SOURCE DATA>
++++++++++
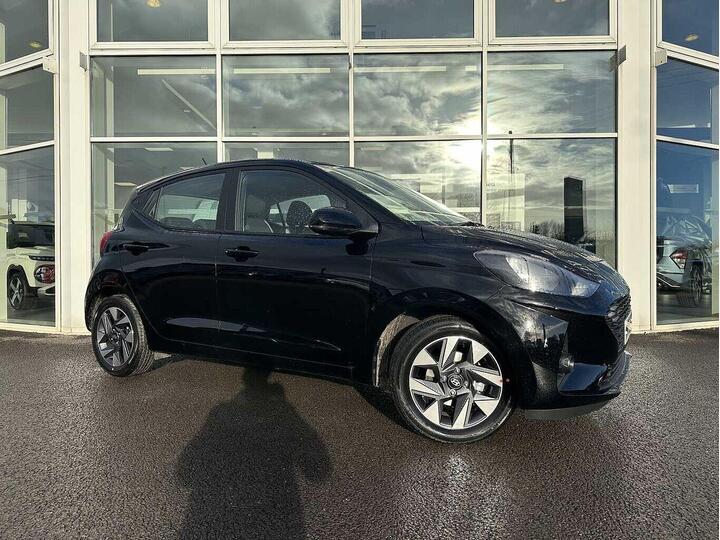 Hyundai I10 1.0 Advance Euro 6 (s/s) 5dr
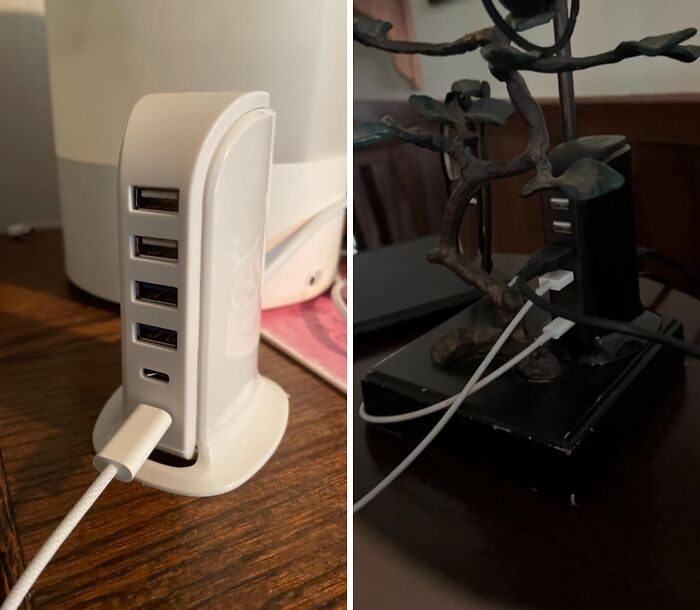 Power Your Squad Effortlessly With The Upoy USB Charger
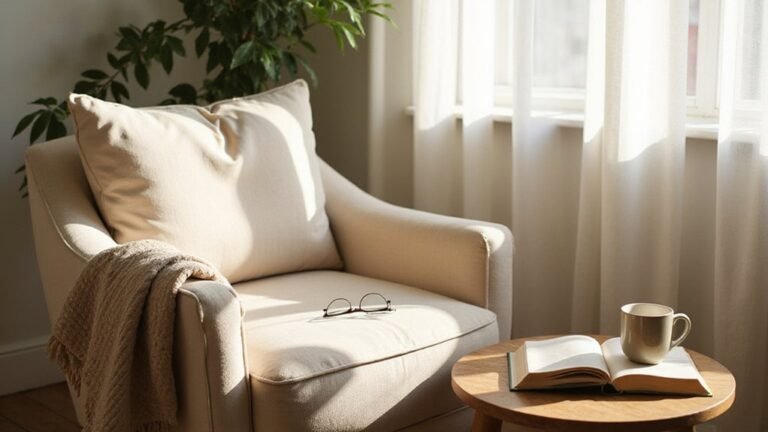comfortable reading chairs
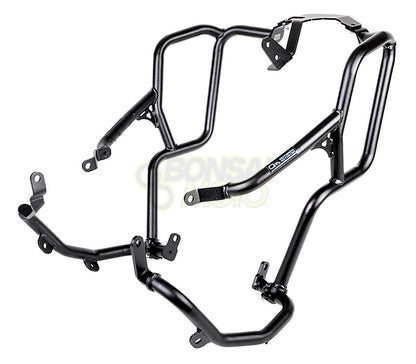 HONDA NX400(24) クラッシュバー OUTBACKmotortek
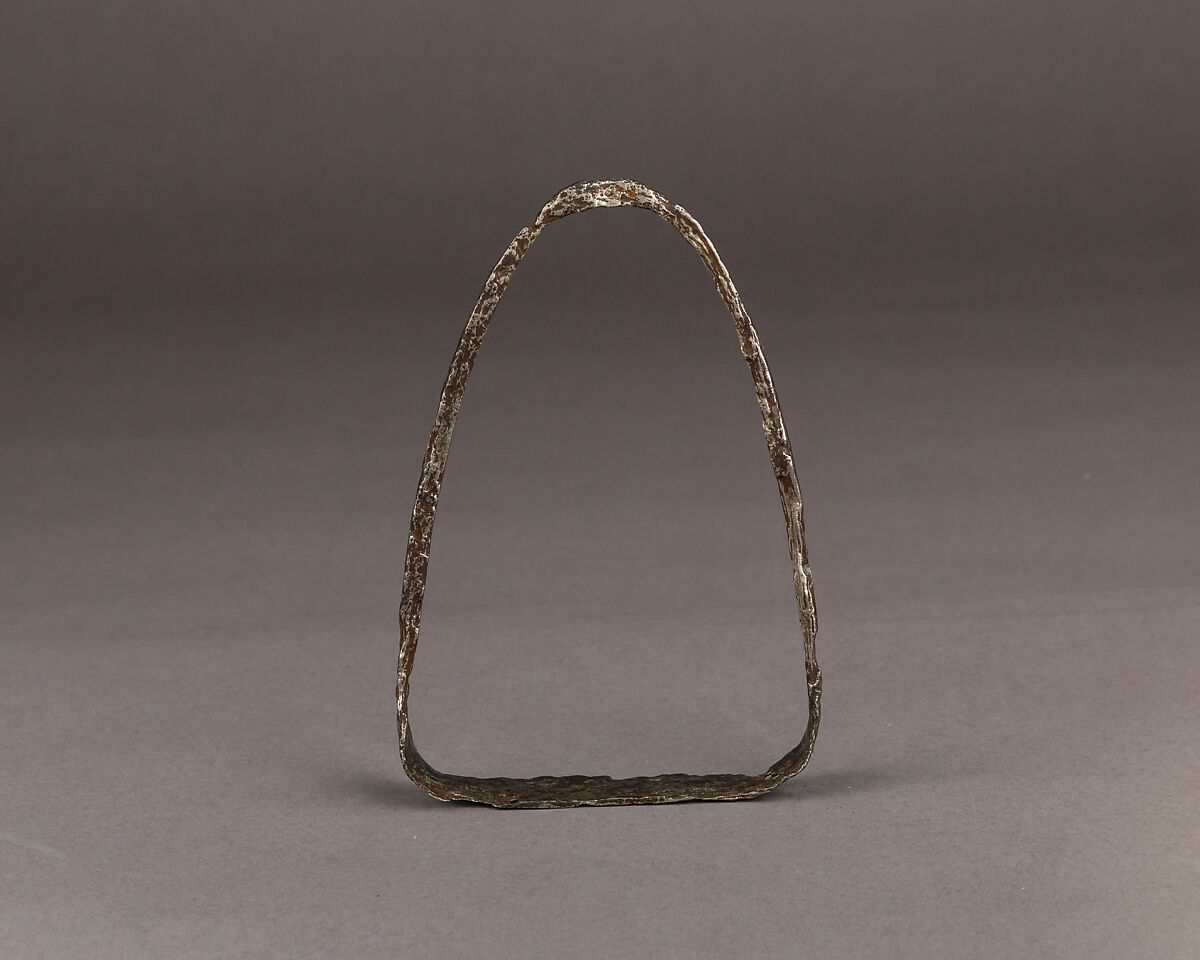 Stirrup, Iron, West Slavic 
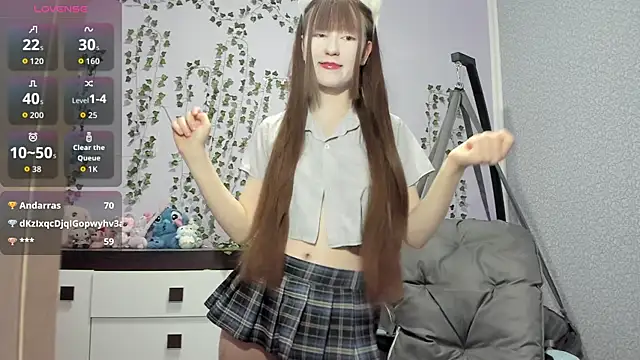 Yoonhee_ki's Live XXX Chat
++++++++++
Each record above must be retyped exactly as given, with the images excluded.

 Hyundai I10 1.0 Advance Euro 6 (s/s) 5dr
 Power Your Squad Effortlessly With The Upoy USB Charger
comfortable reading chairs
 HONDA NX400(24) クラッシュバー OUTBACKmotortek
 Stirrup, Iron, West Slavic 
 Yoonhee_ki's Live XXX Chat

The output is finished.